Sorry I am not making myself clear. My chit had nothing to do with Mesh sided or leather or whatever... It's because normal combat boots causes me pain in my leg. It has nothing to do with a rash or a sweaty foor problem but pain. Hence physio however the pain is due to a medical condition, being blown up. So now that I have made that clear WTF am I to do now? Do I go to the MO and geta  new chit or o I press the issue with Clothing to be told I can't have that and they give me MKIV's which don't work for me.

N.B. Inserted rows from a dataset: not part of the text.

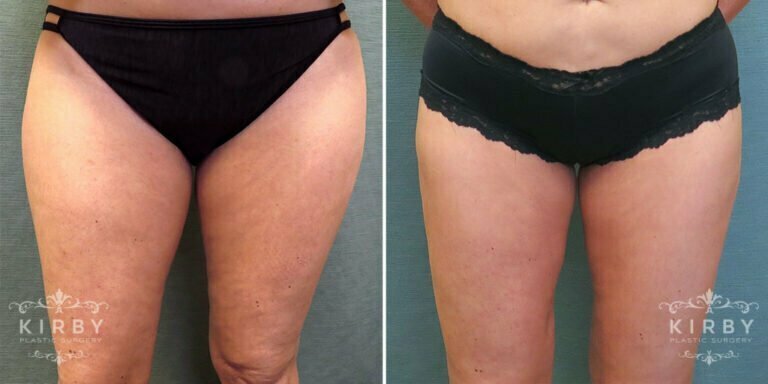  Female patient before and after liposuction Fort Worth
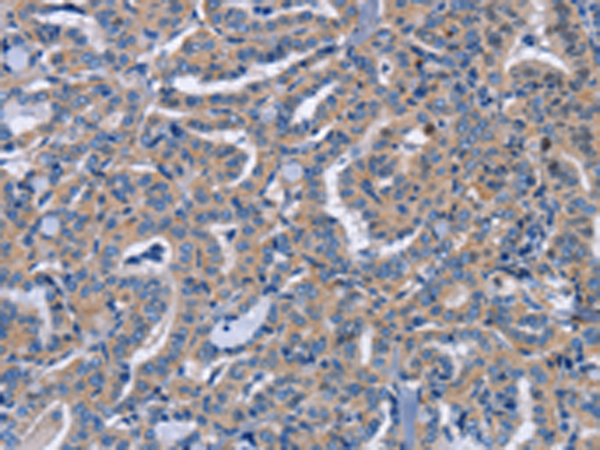Immunohistochemistry of paraffin-embedded Human thyroid cancer tissue using TA366998 (NCR2 Antibody) at dilution 1/60 (Original magnification: x200)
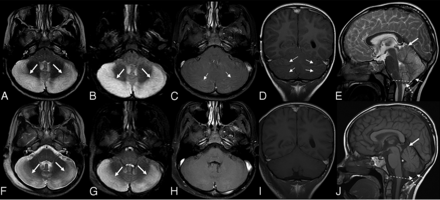 FIG 2.
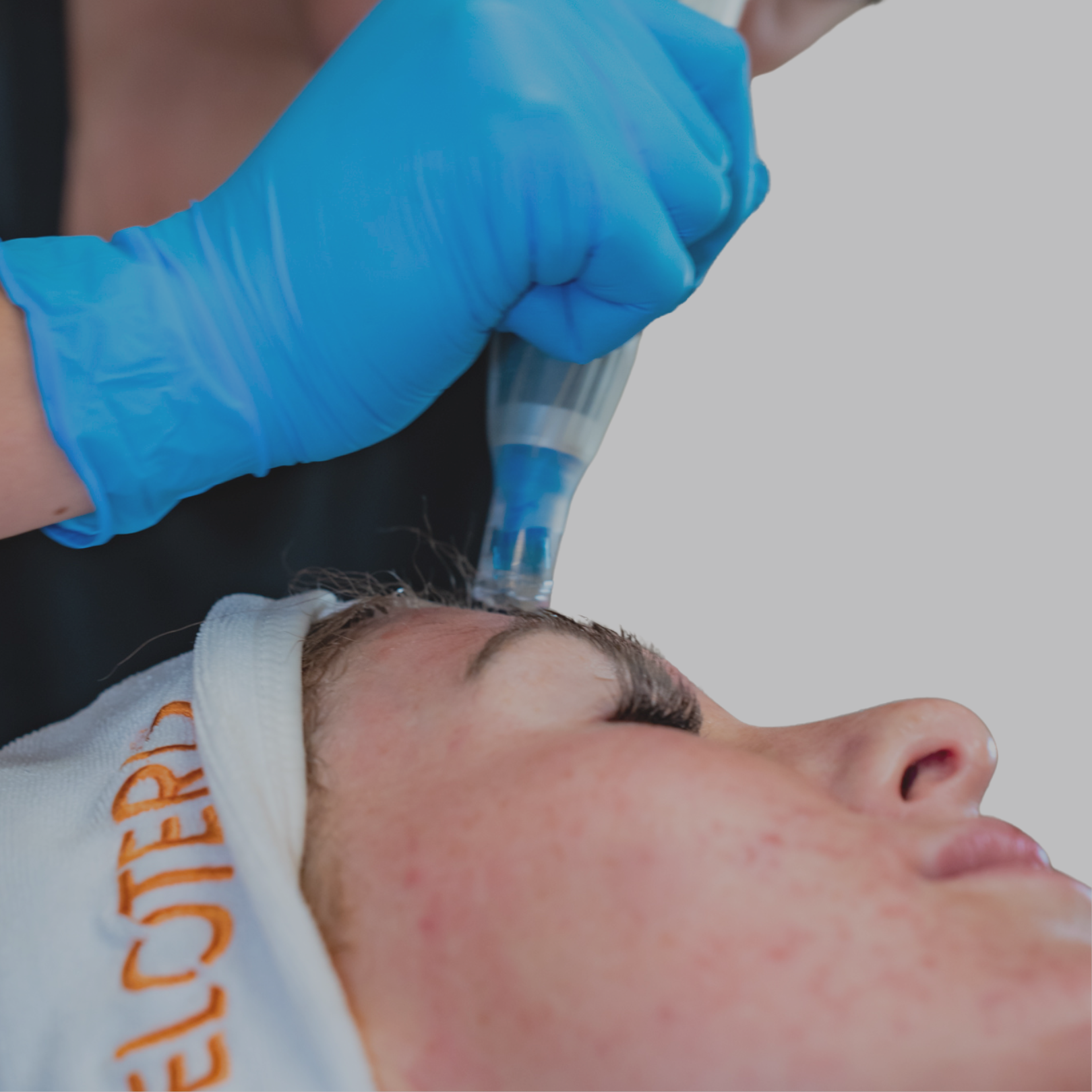 Microneedling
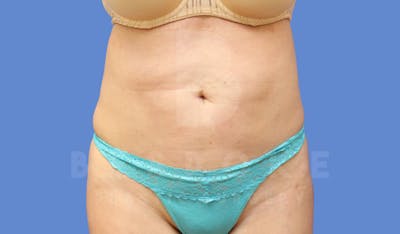 Liposuction Before & After Gallery - Patient 143803977 - Image 2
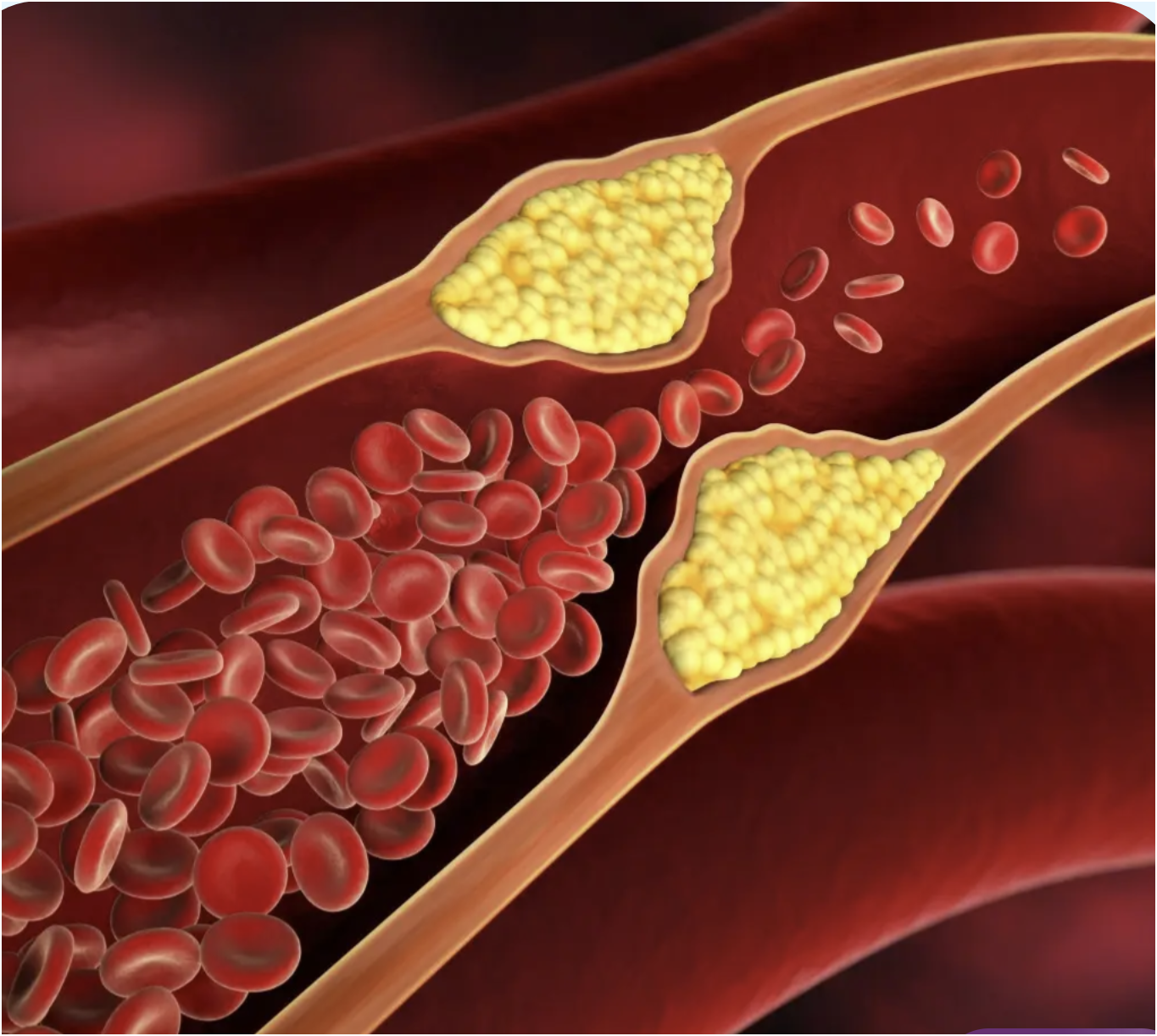 High cholesterol — arterial plaque and LDL buildup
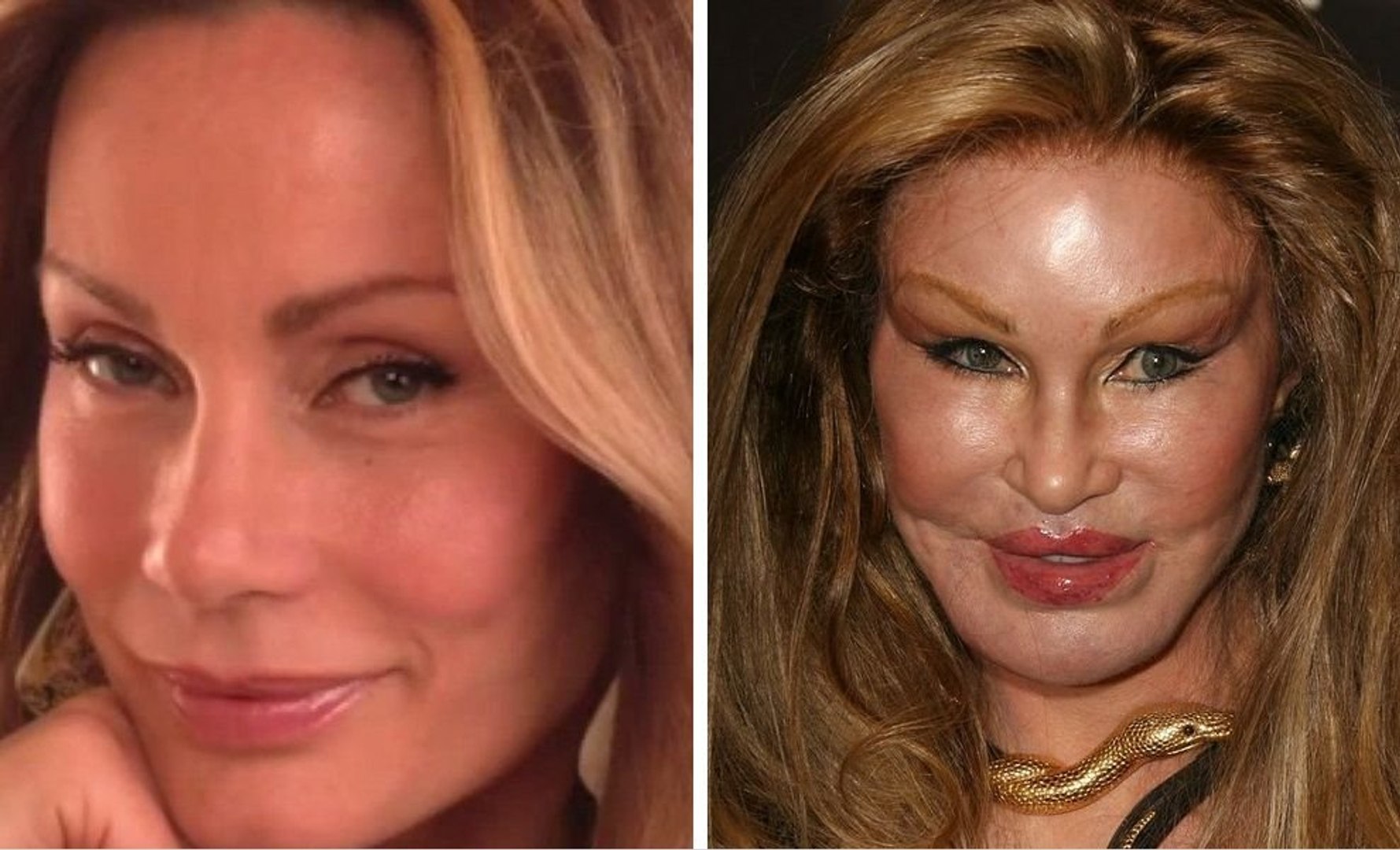 Worst Cases of Celebrity Plastic Surgery Gone Wrong -- Before-And-After Plastic Surgery Disasters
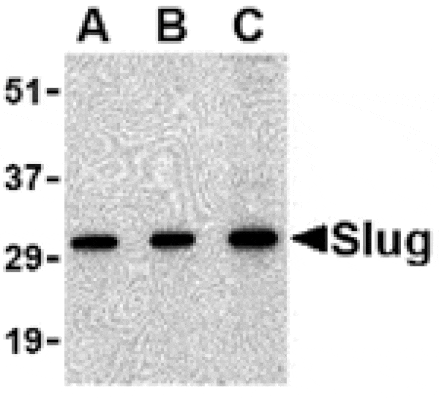 Western blot - Slug Antibody from Signalway Antibody (24463) - Antibodies.com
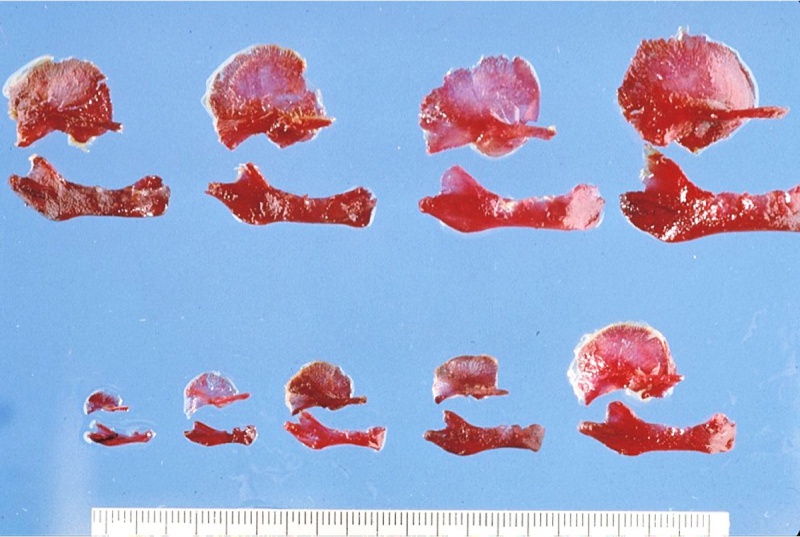 File:Human fetal temporal bone and mandible 01.jpg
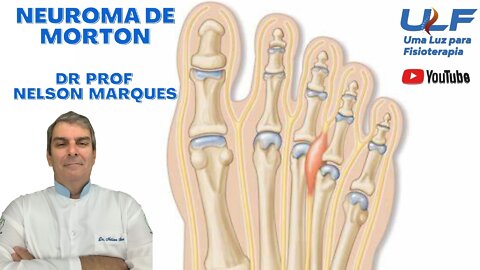 Neuroma de Morton - Dr. Prof. Nelson Marques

I am guess you are going to tell me to go to the MO and try and get this sorted somehow and I thinking that is my best bet. Unless you have a better idea?


Grunt,

You are not RTFOO I think thats the best idea I have heard reference this issue for a long time. No need to F**K around wth this and that, clothing has your size either running shoe or CF boot size and they place an orde 3-5 days later BAM! you have boots for the member no fuss no muss.


----------



## armyvern (16 Sep 2007)

HitorMiss,

Does your chit say Converse on it?? I believe that they are mesh-sided no?? Sup Techs know this. We purchase a hell of a lot of boots.

If your chit says "converse" then we can not purchase them for you in lieu of combat boots. We must purchase "all leather" boots to replace your combat boots by the specs, unless, of course, you have a chit signed by an MO which states that you "*need* mesh-sided" (it MUST say mesh-sided in order for us to buy you mesh-sided) in lieu of "all leather" (combat boots) boots due to a diagnosed medical condition.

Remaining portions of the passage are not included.